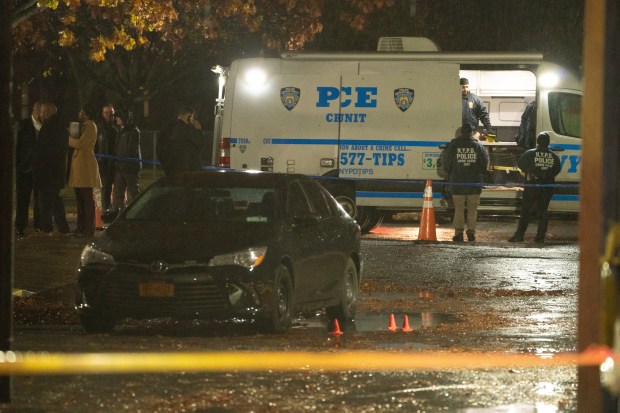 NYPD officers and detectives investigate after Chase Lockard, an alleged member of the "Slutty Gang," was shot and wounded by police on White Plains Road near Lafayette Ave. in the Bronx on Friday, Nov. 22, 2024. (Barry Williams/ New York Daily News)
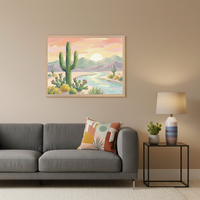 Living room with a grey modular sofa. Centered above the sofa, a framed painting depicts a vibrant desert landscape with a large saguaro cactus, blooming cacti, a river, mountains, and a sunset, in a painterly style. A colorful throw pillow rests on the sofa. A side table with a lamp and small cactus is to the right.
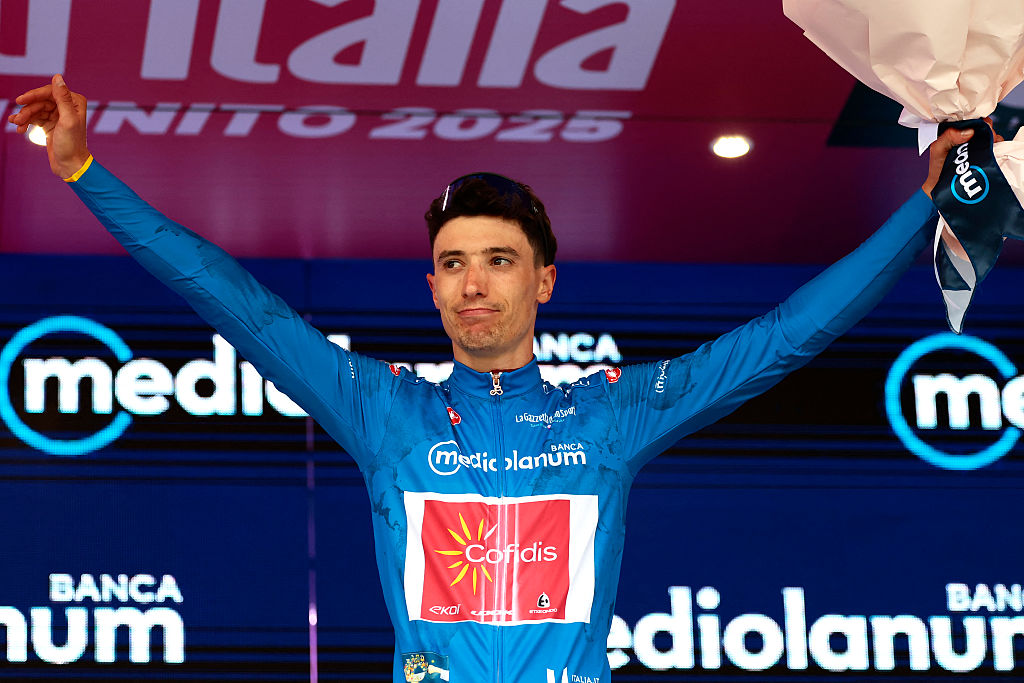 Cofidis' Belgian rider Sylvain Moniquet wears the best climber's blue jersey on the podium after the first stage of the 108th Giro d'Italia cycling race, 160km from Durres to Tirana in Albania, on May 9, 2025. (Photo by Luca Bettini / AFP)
---
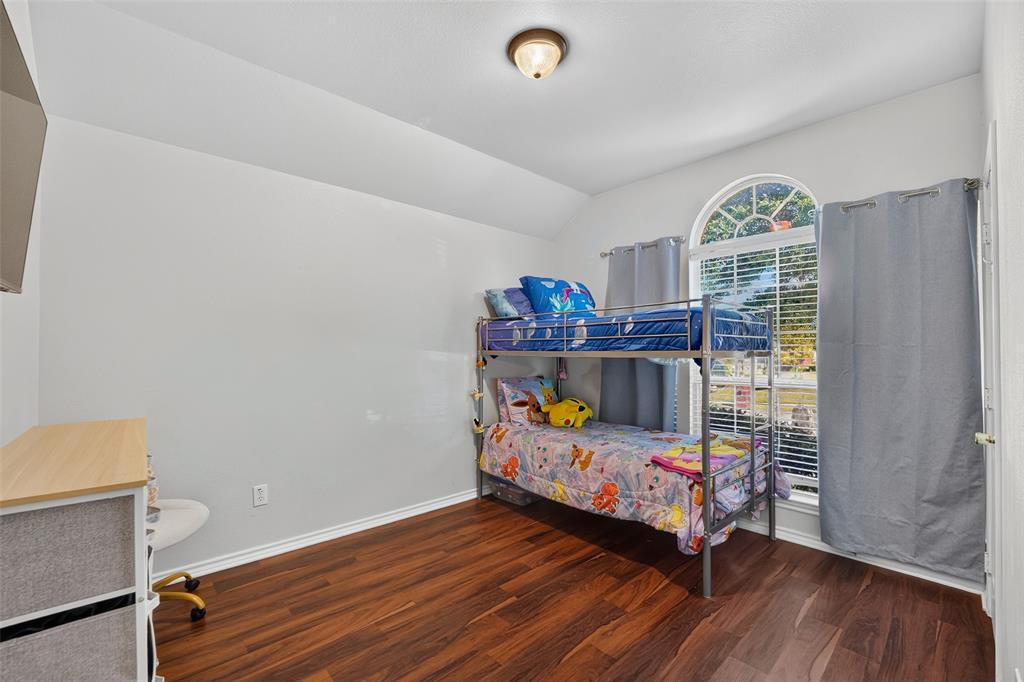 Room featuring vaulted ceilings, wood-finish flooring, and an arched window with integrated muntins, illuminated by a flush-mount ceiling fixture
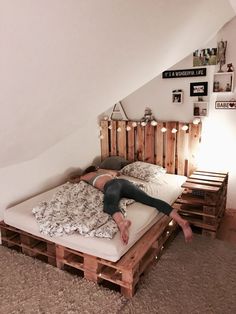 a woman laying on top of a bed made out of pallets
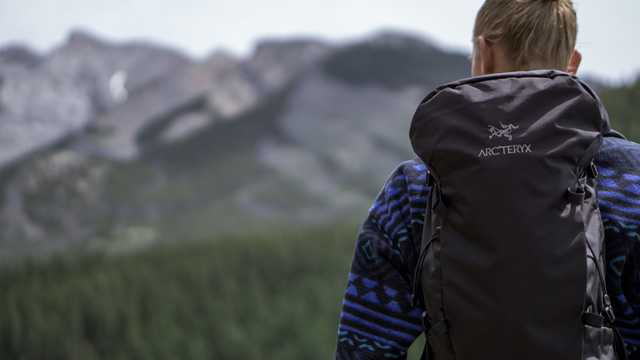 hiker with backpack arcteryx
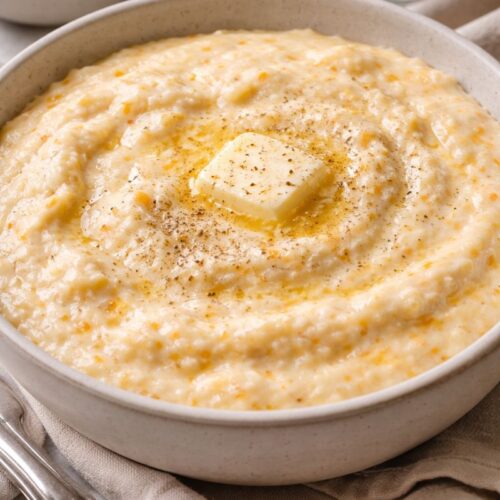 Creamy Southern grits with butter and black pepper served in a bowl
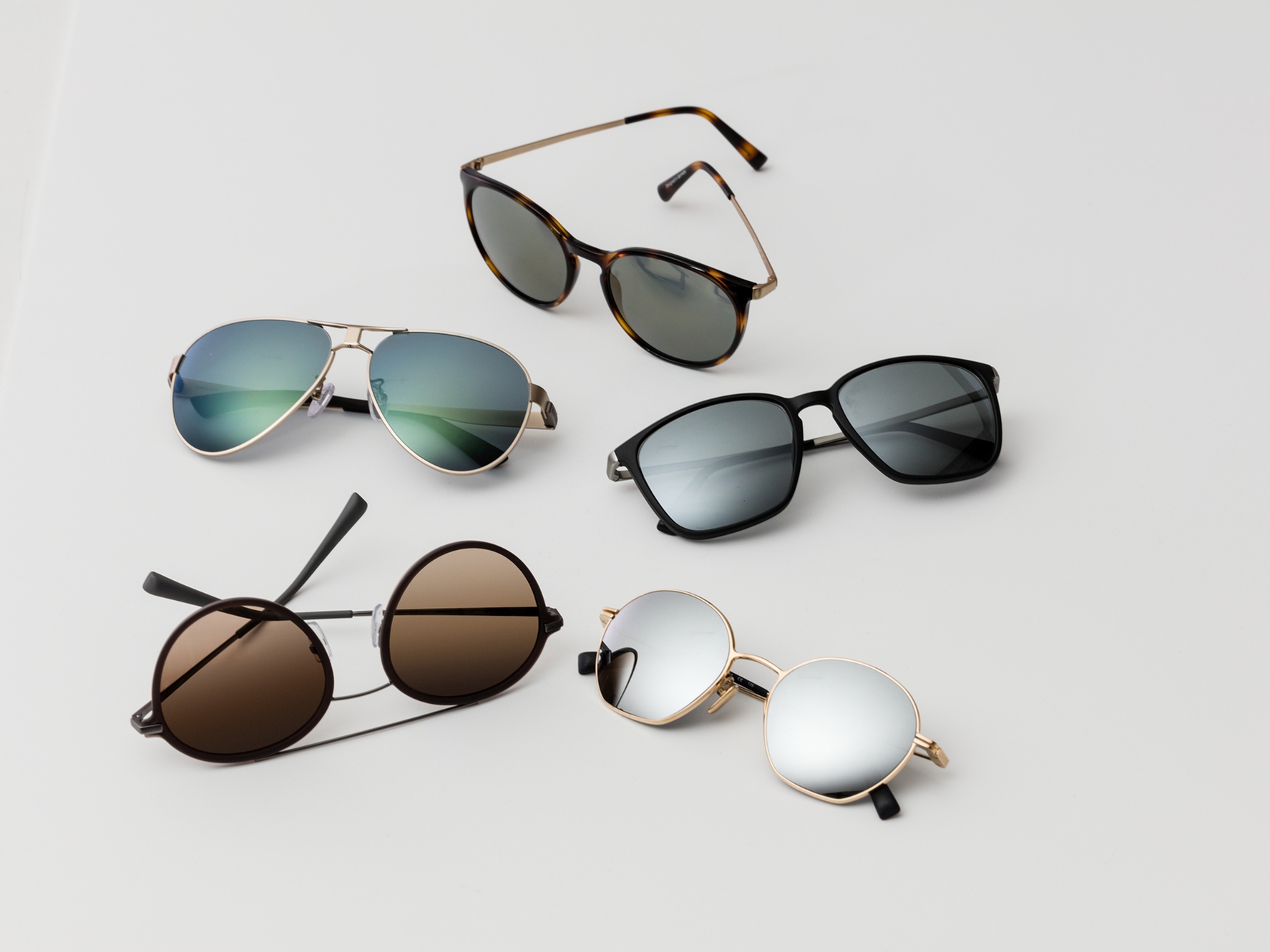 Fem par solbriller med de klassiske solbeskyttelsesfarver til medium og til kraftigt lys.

■ EXERCISE DESCRIPTION:
Exactly reproduce the lines above, starting at the one that contains "hiker with backpack arcteryx" and ending at the one that contains "Fem par solbriller", both inclusive; leave the pictures out and add no other lines.

■ FINAL ANSWER:
 hiker with backpack arcteryx
 Creamy Southern grits with butter and black pepper served in a bowl
 Fem par solbriller med de klassiske solbeskyttelsesfarver til medium og til kraftigt lys.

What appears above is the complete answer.